If we carefully review the lessons contained in the 9/11 Commission Report and fairly evaluate its recommendations, we will be able to better marshal our resources and carry out our Counterterrorism program more effectively and reduce the risk of terrorist attacks against Americans at home and abroad.
For example, the Commission's Report compellingly demonstrates the importance of border security and tracking international travelers. Under Secretary Hutchinson will help us understand the Administration's views in this critical area.
Also of great interest to the Judiciary Committee is the Commission's recommendation relating to the future of the FBI in the war against terrorism. The 9/11 Commission Report found that the FBI and Director Mueller have cooperated with the Commission. Recently, the FBI issued its formal response to the Commission's recommendations and, in each instance, was either implementing it or reexamining its current policy in light of the recommendation.
I would like to commend President Bush for his leadership in making certain that the key senior Administration officials are giving the bi-partisan 9/11 Commission Report the respect and consideration it merits.

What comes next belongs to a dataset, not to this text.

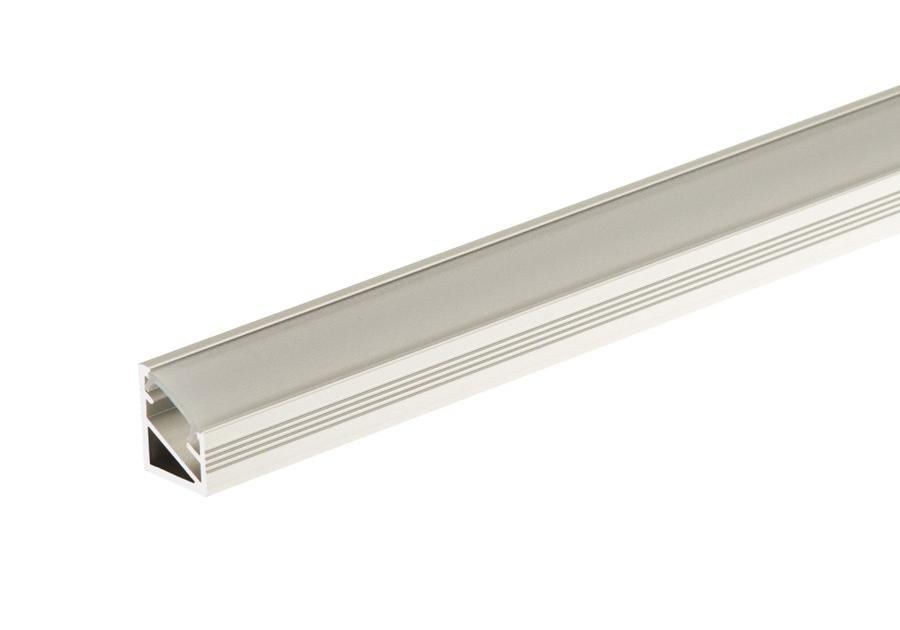 Zdjęcie: Kształtownik kątowy 30 do taśmy LED 14x16,5 mm - 1 m osłonka mrożona CEZAR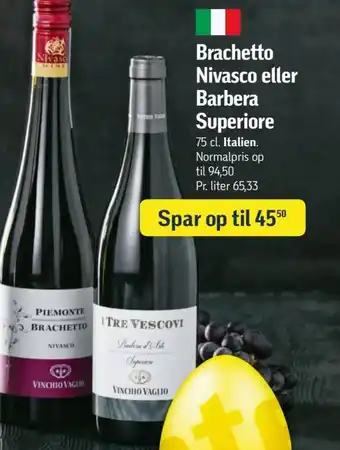 Føtex Brachetto Nivasco eller Barbera Superiore 75 cl. tilbud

It appears to me that, by and large, all of the Committees in the House and Senate are attempting to approach the Report in a bipartisan manner despite the fact that we are deep into the election cycle and despite the fact that some of the Commission's recommendations are somewhat complex and controversial such as those pertaining to changes in Congressional oversight of terrorism programs.
I hope that this spirit of bi-partisanship continues this morning so that we can go about the serious business of adopting the set of policies and laws that best protects the American public from terrorism will preserving our traditional rights and liberties as American citizens.